Faize yönelik istinaf isteminin incelenmesinde;
İşletilecek faiz türünün tespitinde, zarara neden olan aracın trafik kaydı ve kaza tarihindeki gerçek kullanım amacının değerlendirilmesi, bu değerlendirme neticesinde aracın kullanım amacının hususi olması durumunda yasal faize, ticari olması ve avans faizi talebi bulunması halinde avans faizine hükmedilmesi gerekmektedir.
Somut olayda; aracın dava dışı … A.Ş. adına kayıtlı olduğu ve kamyon vasfında olduğu ve ticari amaçlı kullanıldığı anlaşılmakla, avans faizine hükmedilmesi de isabetli bulunmuştur.

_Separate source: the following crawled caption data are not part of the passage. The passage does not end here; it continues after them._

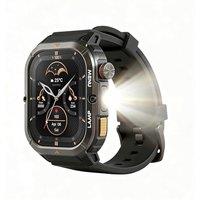 AGM Legion 3 Ultra-Rugged Smart Watch, 1.95" AMOLED Display, 5ATM Waterproof, Bluetooth Calling/Message, SPO/Heart Rate/Sleep/Motion Tracking, 100+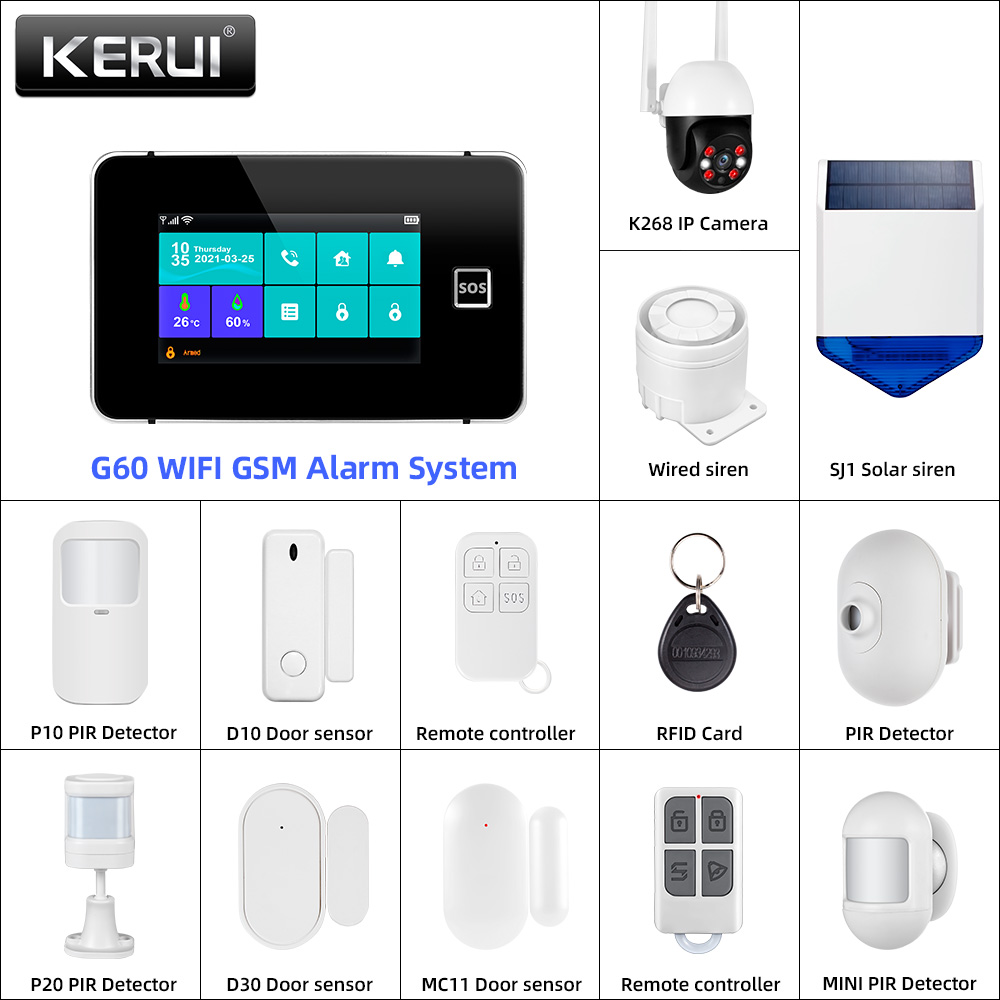 Home Automation Diy Kit - KERUI Tuya Pannello di allarme Fai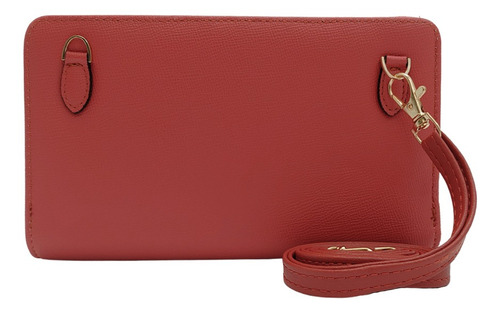 Bolsa Carteira Feminina Transversal Porta Celular Cor Rosa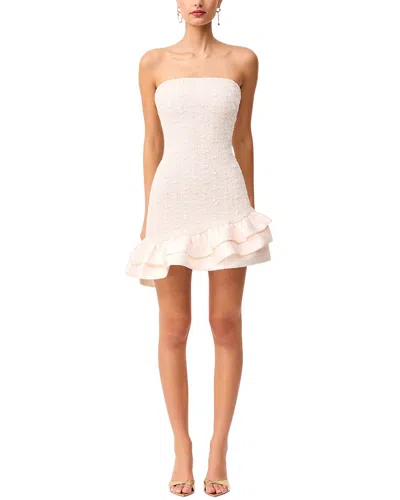 Elliatt Paloma Asym Mini Dress In White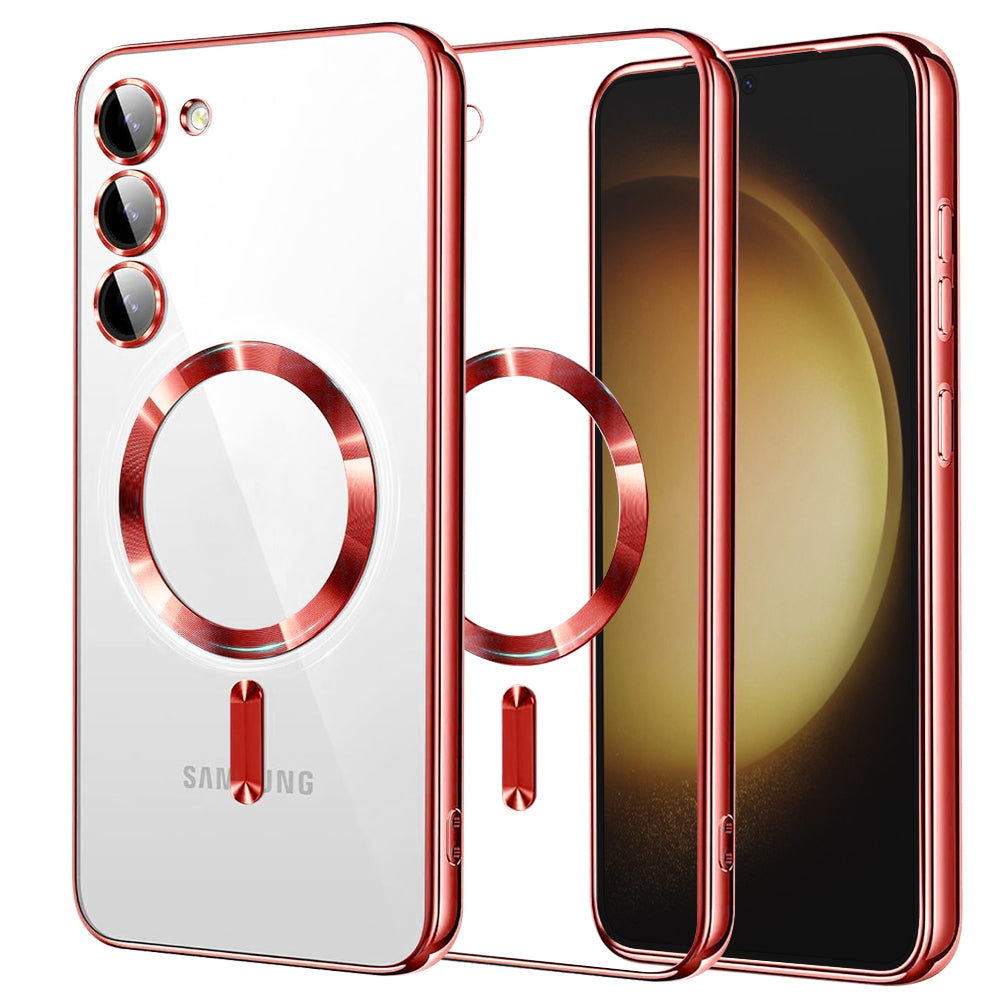 MagSafe-deksel for Samsung Galaxy S23+ S916, Techsuit, Luxury Crystal, Rød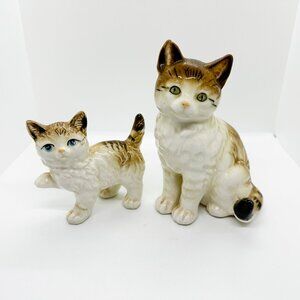 Vintage Set Tabby Calico Cat Cats Japan Mother's Day Kitten Collection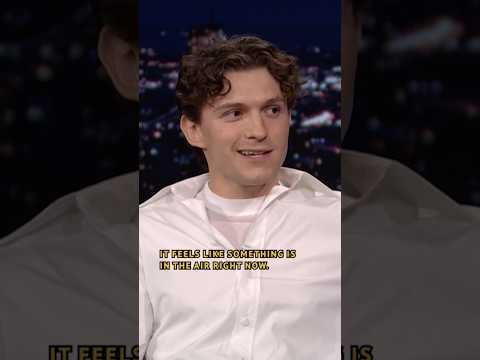 #TomHolland on the energy as England heads into the #WorldCup semifinals 👀 #FIFAWorldCup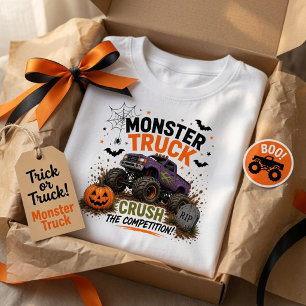 T-shirt Pour Les Tous Petits Halloween Camion Monstre Vintage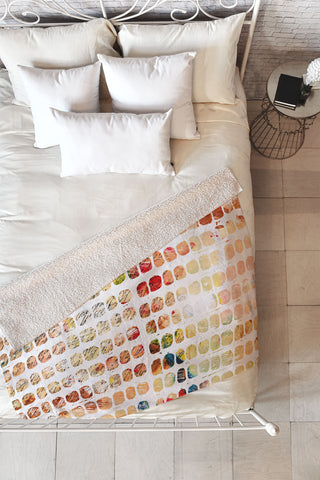 Susanne Kasielke Funny Blocks Fleece Throw Blanket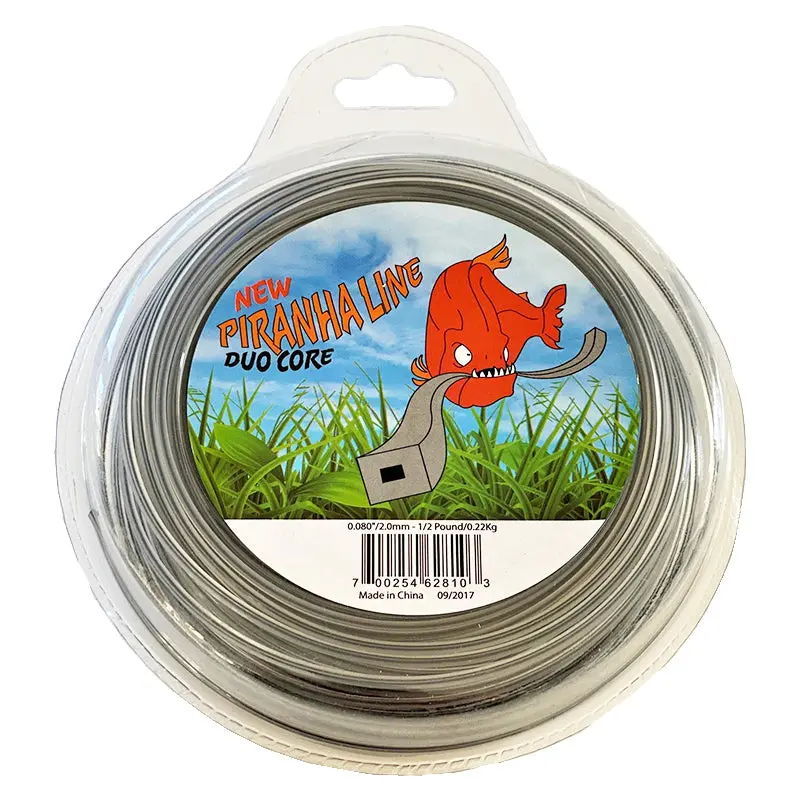 Dual-Core Square Trimmer Line – 0.080" Gauge, 200-Foot Spool (0.5 Lb) 1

Buna göre; dosya kapsamına, kararın dayandığı delillerle, yasaya uygun gerektirici nedenler ve ileri sürülen istinaf sebepleri dikkate alındığında mahkeme kararında usul ve esas yönünden yasaya aykırılık bulunmamasına göre; davacı vekilinin ve davalı sigorta vekilinin tüm istinaf sebepleri yerinde görülmediğinden, istinaf başvurularının HMK’nın 353/1-b-1 maddesi gereğince ayrı ayrı esastan reddine karar verilmesi gerekmiş, aşağıdaki hüküm tesis edilmiştir.

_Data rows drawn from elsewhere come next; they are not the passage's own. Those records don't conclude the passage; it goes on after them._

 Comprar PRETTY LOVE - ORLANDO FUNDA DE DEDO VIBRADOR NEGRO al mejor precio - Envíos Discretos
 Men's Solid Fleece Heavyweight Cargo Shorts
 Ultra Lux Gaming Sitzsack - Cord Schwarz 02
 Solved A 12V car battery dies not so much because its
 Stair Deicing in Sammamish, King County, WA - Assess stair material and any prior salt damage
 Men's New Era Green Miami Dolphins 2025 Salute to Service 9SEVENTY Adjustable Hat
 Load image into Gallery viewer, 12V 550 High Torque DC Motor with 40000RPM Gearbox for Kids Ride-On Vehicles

HÜKÜM : Gerekçesi yukarıda izah edildiği üzere;
1-Davacı vekilinin ve davalı sigorta vekilinin yerel mahkeme kararına yönelik istinaf başvurusunun 6100 Sayılı HMK’nın 353/1-b-1 maddesi gereğince ayrı ayrı ESASTAN REDDİNE,
2-Davacı tarafından yatırılması gereken 179,90 TL maktu istinaf karar ve ilam harcından, peşin alınan 54,40 TL’nin mahsubu ile bakiye 125,5 TL harcın davacıdan tahsili ile Hazineye irat kaydına, davalı sigorta şirketi tarafından yatırılması gereken 11.127,58 TL istinaf karar ve ilam harcından, peşin alınan 2.836,40 TL’nin mahsubu ile bakiye 8.291,18 TL harcın bu davalıdan tahsili ile Hazineye irat kaydına,
3-İstinaf eden taraflarca yapılan istinaf yargılama giderlerinin kendi üzerlerinde bırakılmasına,
4-Kararın taraflara usulüne uygun şekilde tebliğine,
5-HMK’nın 333. maddesi gereğince kullanılmayan istinaf gider avansının karar kesinleştiğinde yatırana iadesine,
Dair, duruşma açılmadan dosya üzerinde yapılan inceleme sonunda, HMK.nın 361/1 maddesi uyarınca kararın usulen tebliğinden itibaren 2 hafta içerisinde TEMYİZ YOLU AÇIK olmak üzere 08/02/2023 tarihinde oy birliği ile karar verildi.

Başkan
Üye
Üye
Katip

* Bu belge, 5070 sayılı Kanun hükümleri gereğince elektronik imza ile imzalanmıştır.